Filter the entries beneath this task, copying only the lines that hold the word "Rose".

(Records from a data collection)
------------------------------------------------------------

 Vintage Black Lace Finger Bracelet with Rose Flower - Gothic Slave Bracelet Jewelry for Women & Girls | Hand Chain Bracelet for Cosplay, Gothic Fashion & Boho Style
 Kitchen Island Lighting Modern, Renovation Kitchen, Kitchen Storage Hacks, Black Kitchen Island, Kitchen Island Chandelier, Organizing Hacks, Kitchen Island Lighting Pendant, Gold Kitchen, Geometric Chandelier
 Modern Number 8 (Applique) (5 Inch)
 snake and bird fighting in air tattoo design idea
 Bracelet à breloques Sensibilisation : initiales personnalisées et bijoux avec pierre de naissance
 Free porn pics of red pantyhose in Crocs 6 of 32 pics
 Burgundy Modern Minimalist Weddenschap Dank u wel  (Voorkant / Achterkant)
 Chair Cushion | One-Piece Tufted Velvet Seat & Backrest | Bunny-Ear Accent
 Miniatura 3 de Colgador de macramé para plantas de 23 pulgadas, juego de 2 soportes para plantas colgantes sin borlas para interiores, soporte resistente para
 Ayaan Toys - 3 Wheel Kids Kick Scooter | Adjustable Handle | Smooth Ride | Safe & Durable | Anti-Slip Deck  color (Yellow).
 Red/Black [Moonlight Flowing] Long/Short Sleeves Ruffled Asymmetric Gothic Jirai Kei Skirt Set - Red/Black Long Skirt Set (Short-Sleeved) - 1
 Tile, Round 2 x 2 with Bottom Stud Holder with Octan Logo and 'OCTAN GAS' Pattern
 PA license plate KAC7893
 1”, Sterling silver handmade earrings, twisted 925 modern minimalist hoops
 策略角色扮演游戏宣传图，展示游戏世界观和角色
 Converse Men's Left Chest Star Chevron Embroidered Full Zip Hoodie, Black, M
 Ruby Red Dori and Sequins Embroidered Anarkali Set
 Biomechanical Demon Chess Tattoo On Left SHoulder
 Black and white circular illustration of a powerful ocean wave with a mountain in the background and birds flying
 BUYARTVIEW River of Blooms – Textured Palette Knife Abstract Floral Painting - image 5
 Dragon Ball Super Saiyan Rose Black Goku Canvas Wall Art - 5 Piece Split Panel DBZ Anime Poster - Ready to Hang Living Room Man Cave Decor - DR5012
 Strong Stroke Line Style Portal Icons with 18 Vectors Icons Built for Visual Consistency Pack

------------------------------------------------------------

EXERCISE ANSWER:
 Vintage Black Lace Finger Bracelet with Rose Flower - Gothic Slave Bracelet Jewelry for Women & Girls | Hand Chain Bracelet for Cosplay, Gothic Fashion & Boho Style
 Dragon Ball Super Saiyan Rose Black Goku Canvas Wall Art - 5 Piece Split Panel DBZ Anime Poster - Ready to Hang Living Room Man Cave Decor - DR5012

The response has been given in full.